FN2. The government health insurance in this case is not covered by ERISA. (29 U.S.C.A. § 1003(b)(1).). FN2. The government health insurance in this case is not covered by ERISA. (29 U.S.C.A. § 1003(b)(1).)
3. The Gonzalez court and the former Mrs. Havins also cite Biltoft v. Wootten (1979) 96 Cal.App.3d 58, 157 Cal.Rptr. 581. In that case, the issue was the division of proceeds of a term life insurance policy between the former wife and the decedent's children. This court found that apportionment of the proceeds was proper because the benefits were derived from the contract which had its inception during the marriage, and the benefits were preserved by the payment of the premiums out of community property funds during the nearly 20 years of the marriage. Thus, we found that the proceeds of the policy must be apportioned between community and separate property. We agree that the term insurance policy had some of the same attributes, such as guaranteed renewability, as the health insurance here. However, the case is not helpful beyond that because it dealt with the division of the proceeds of the policy upon death. (See also, Bowman v. Bowman (1985) 171 Cal.App.3d 148, 159, 217 Cal.Rptr. 174.)

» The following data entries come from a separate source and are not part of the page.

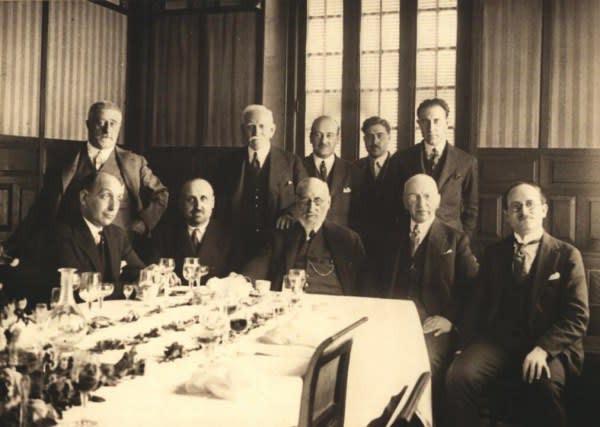 Banquete celebrado en Madrid, en 1926. Sentados, de izquierda a derecha: José Mª Villaverde, Francisco Tello, Santiago Ramón y Cajal, el professor polaco Szymonowicz y el professor francés Raoul M. May. De pie, de izq. a dcha.: Miguel Gayarre, Domingo Sánchez, Jorge Ramón Fañanás, José G. Vadillo y Fernando de Castro. / Archivo Científico Fernando de Castro.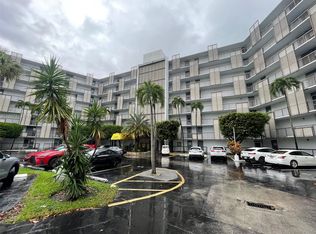 20400 W Country Club Dr #60, Miami, FL 33180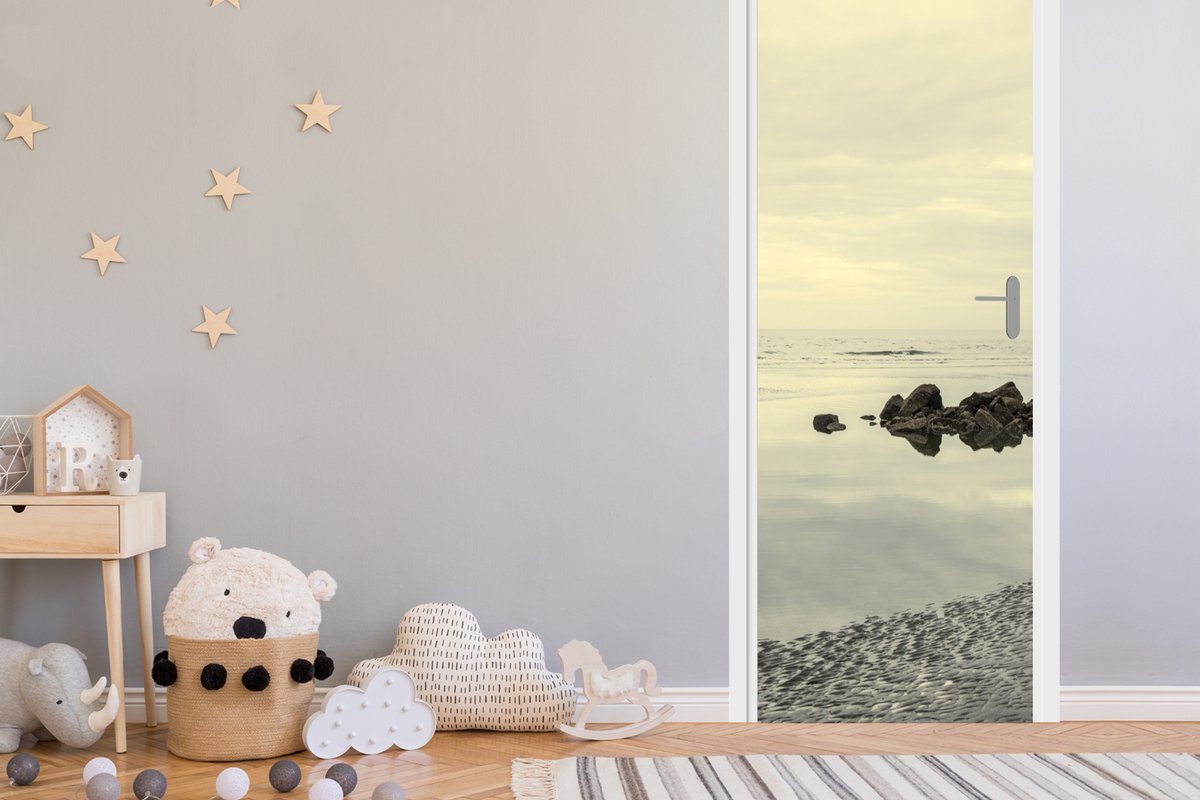 Deurposter 85x215 cm - Deursticker Strand - Zee - Steen - Meubelfolie zelfklevend - Deurfo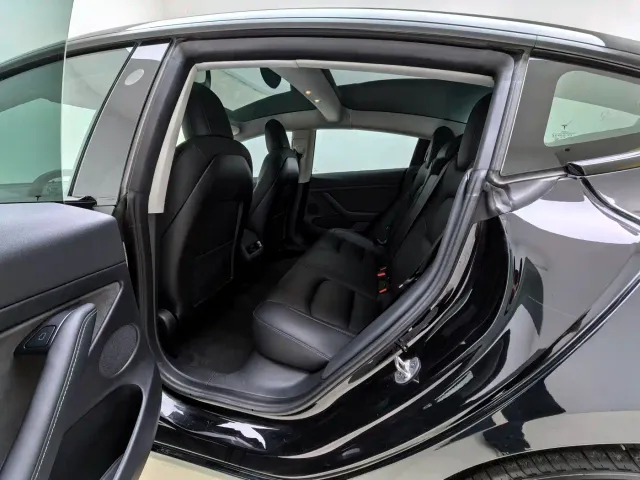Tesla Model 3 — Фото автомобиля 6
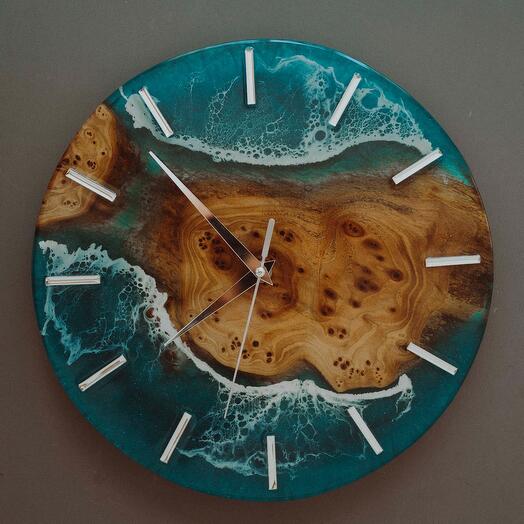 Reloj con el mar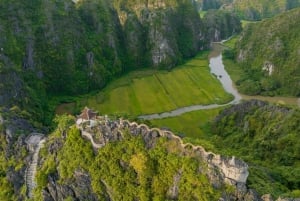 Da Hanoi: Viaggio a Ninh Binh con ciclismo e pranzo a buffet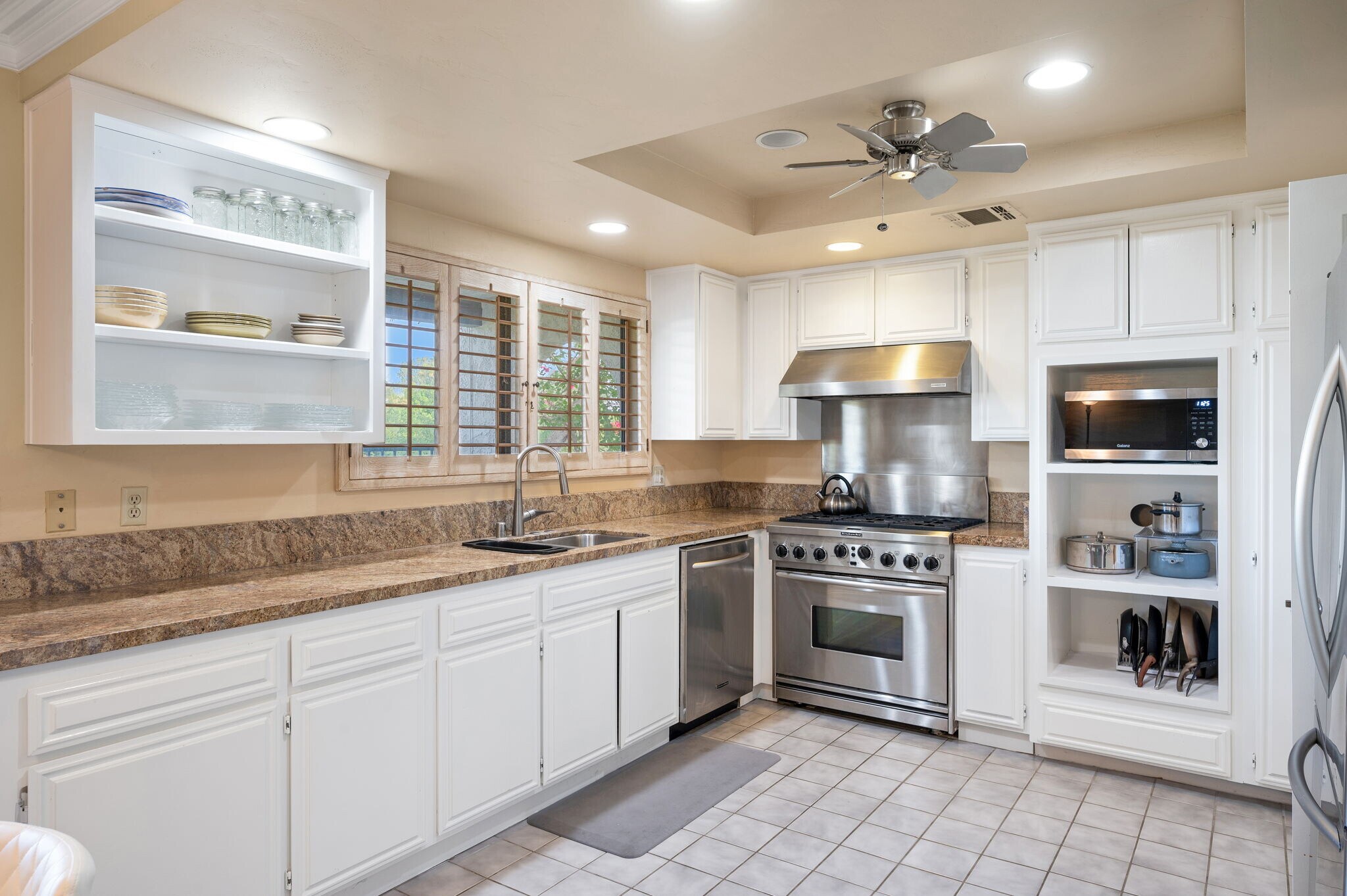 Building Photo - 78990 Bayside Ct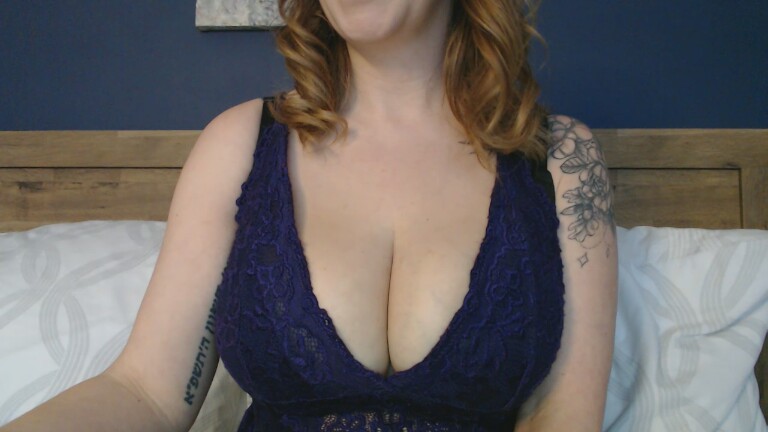 BustyBellaXoX's Streamate show and profile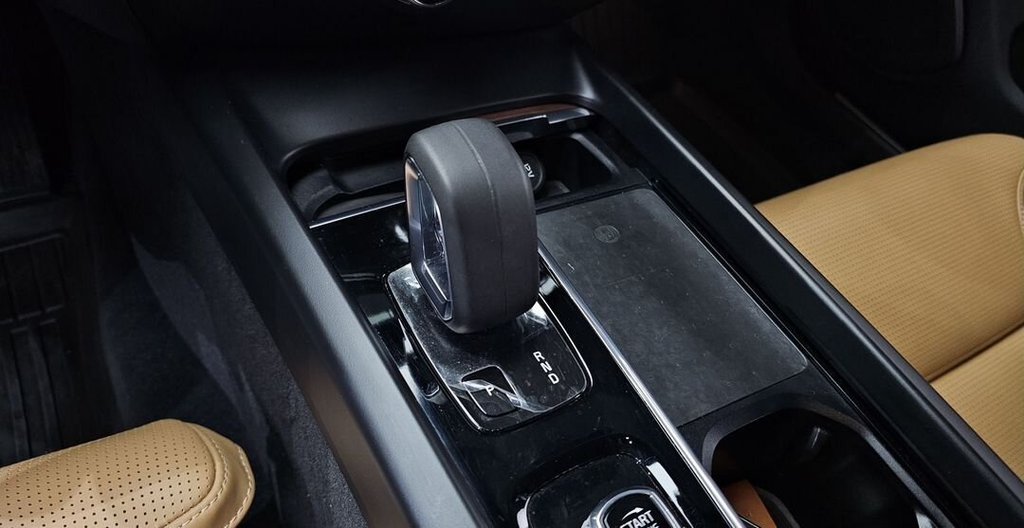 Volvo V60 Cross Country, 2022 год, 4 444 000 рублей, 14 фотография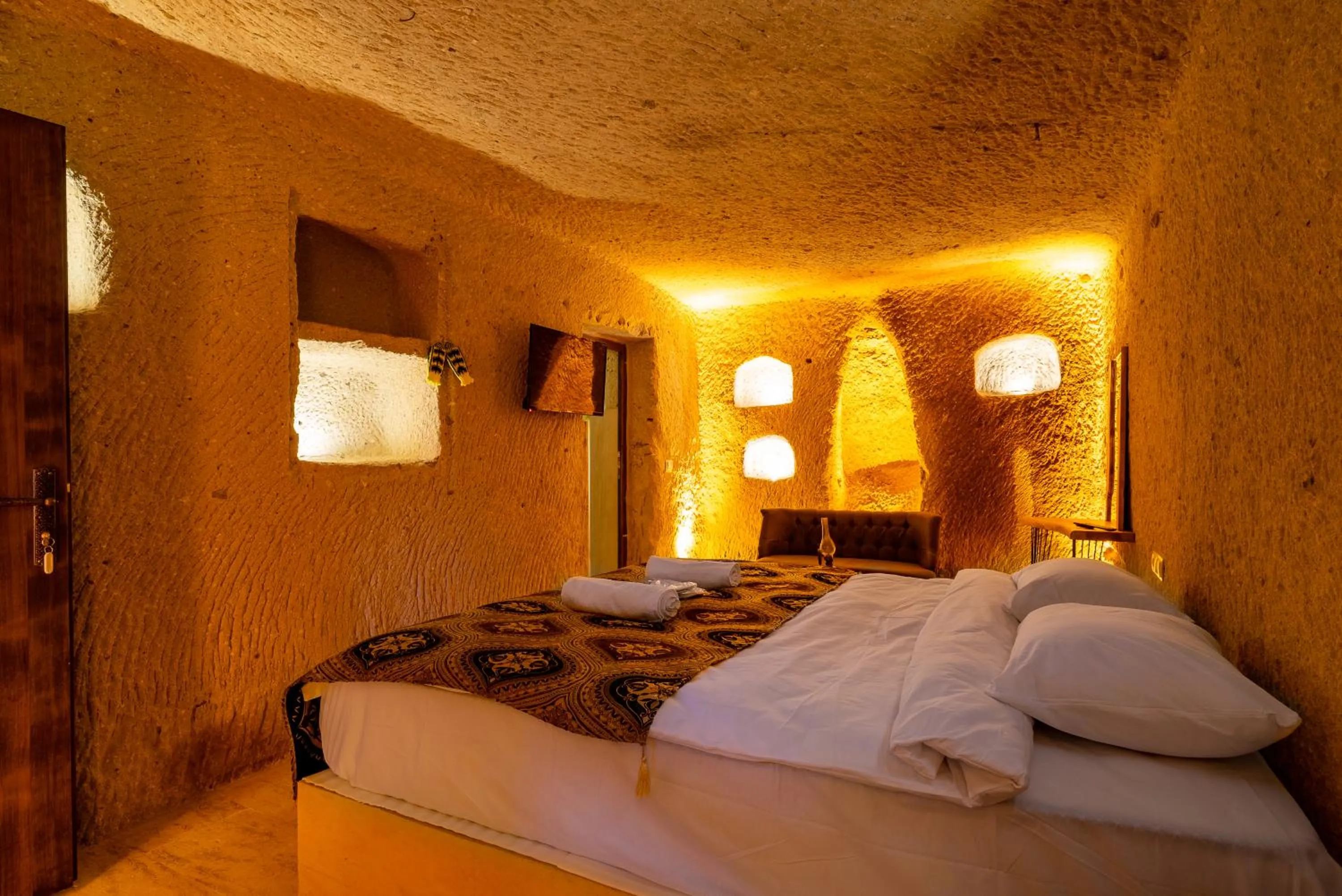 Bed in Cappadocia Snora Cave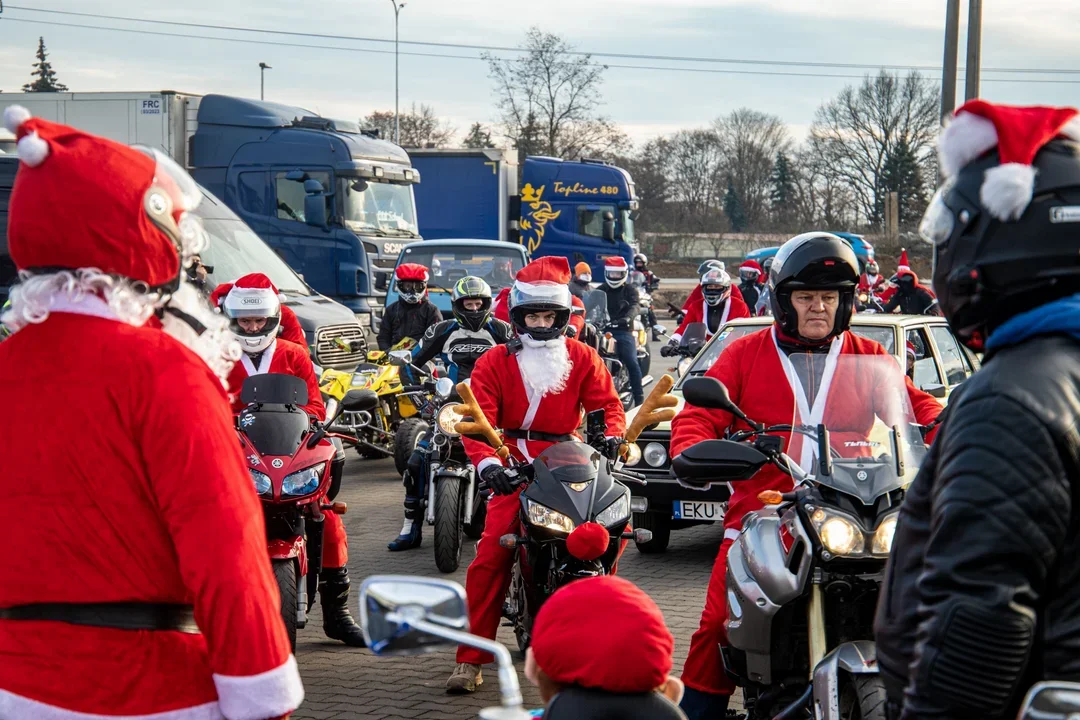 Kutnowscy Moto Mikołaje wyruszyli w paradę po Kutnie. Wkrótce dotrą na Plac Wolności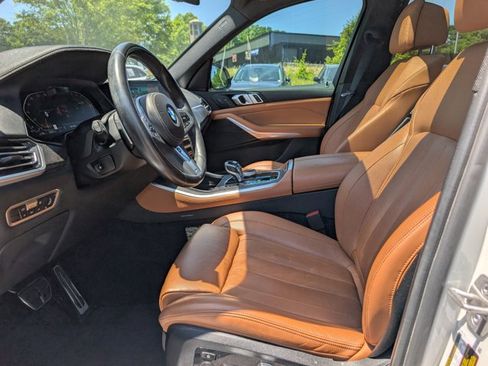 Used 2022 BMW X5 xDrive40i w/ M Sport Package AWD/4WD image 17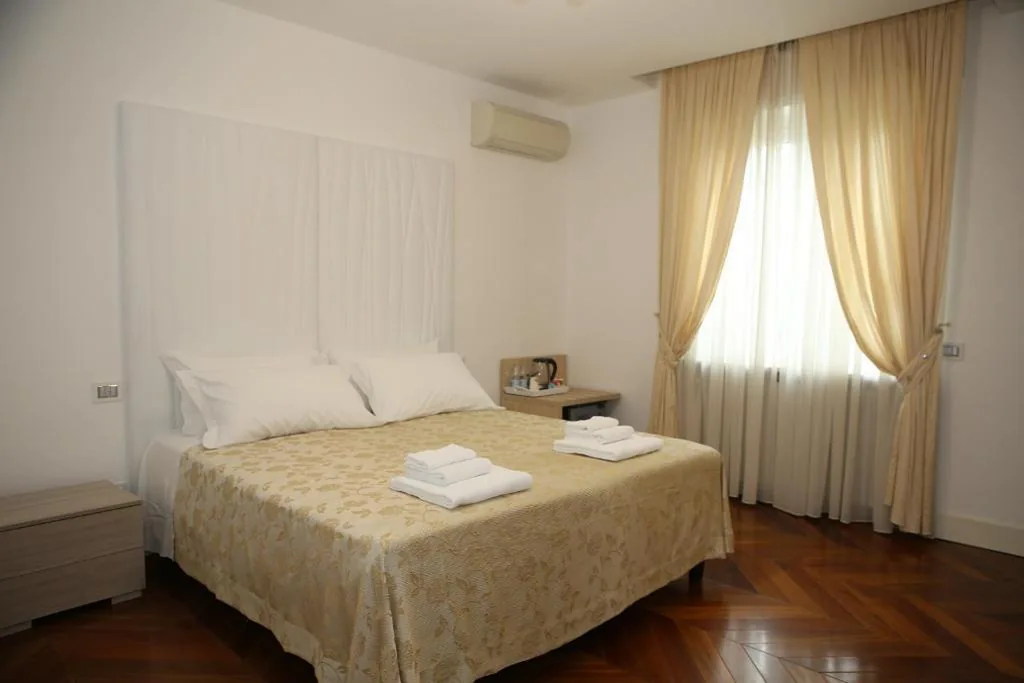Suite Familiare — Champagne Rooms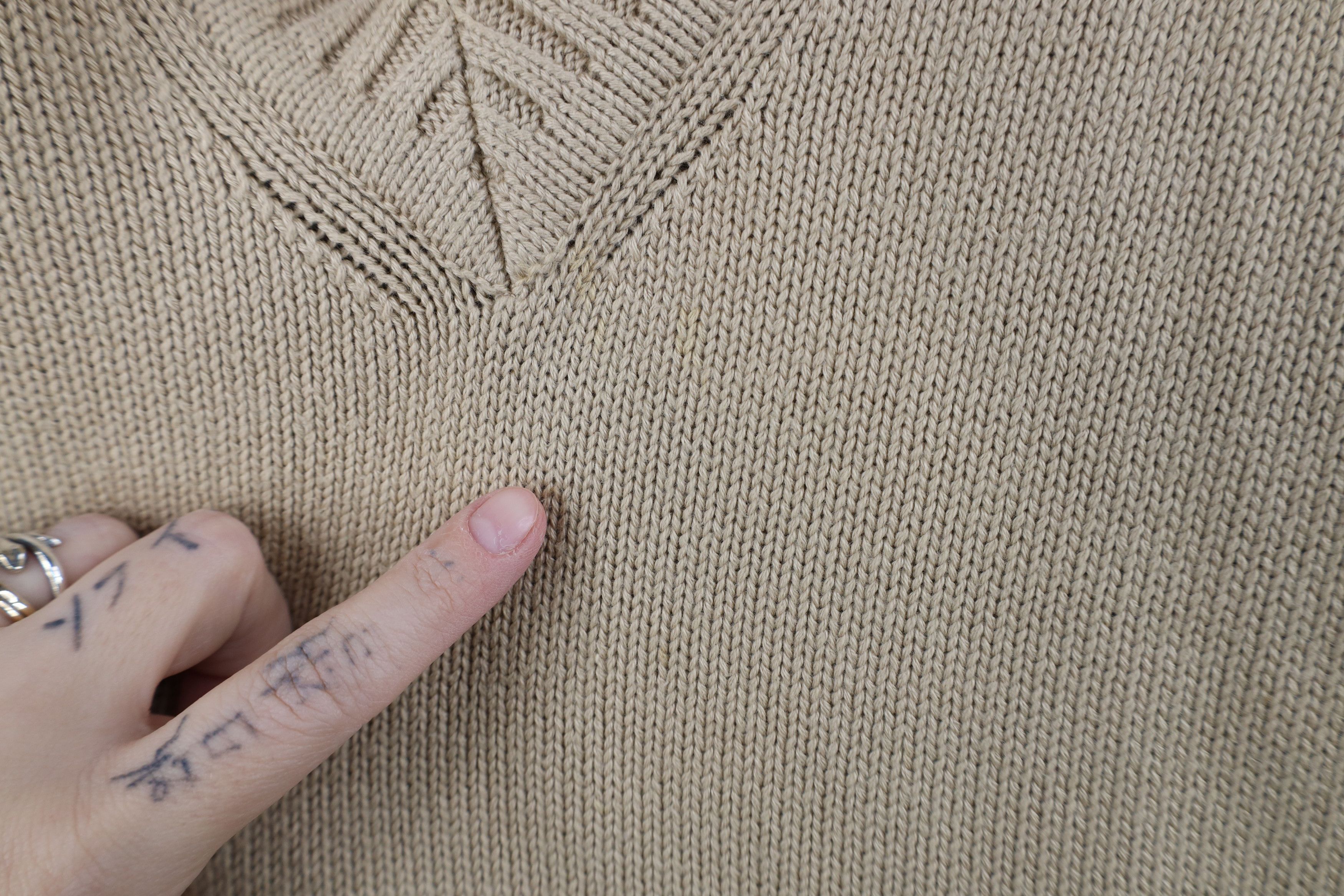 L.L. Bean Vintage 90s LL Bean Blank Cotton Knit V-Neck Sweater Beige Size US L / EU 52-54 / 3 - 5 Thumbnail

4. The trial court thus erred in finding there was a divisible community property asset. It also erred in its award of damages. Having found such an asset, Mr. Havins's renewal right, the trial court should have valued it and divided it. Instead, it focused on the amounts paid by the former Mrs. Havins for health insurance coverage, and found it would not be inequitable to require Mr. Havins to “assume a portion of the cost of Petitioner's premiums for comparable coverage.” Of course, the cost of her coverage has nothing to do with the value of his renewal right, and the trial court erred in assuming that it did. Although it found a valuable and divisible renewal right, it failed to value that right, relying instead on the amount of premiums previously paid by the former Mrs. Havins. The amount of premiums previously paid by the former Mrs. Havins is an amount totally unrelated to the alleged value of Mr. Havins's renewal right.
HOLLENHORST, Associate Justice.
RAMIREZ, P.J., and McKINSTER, J., concur.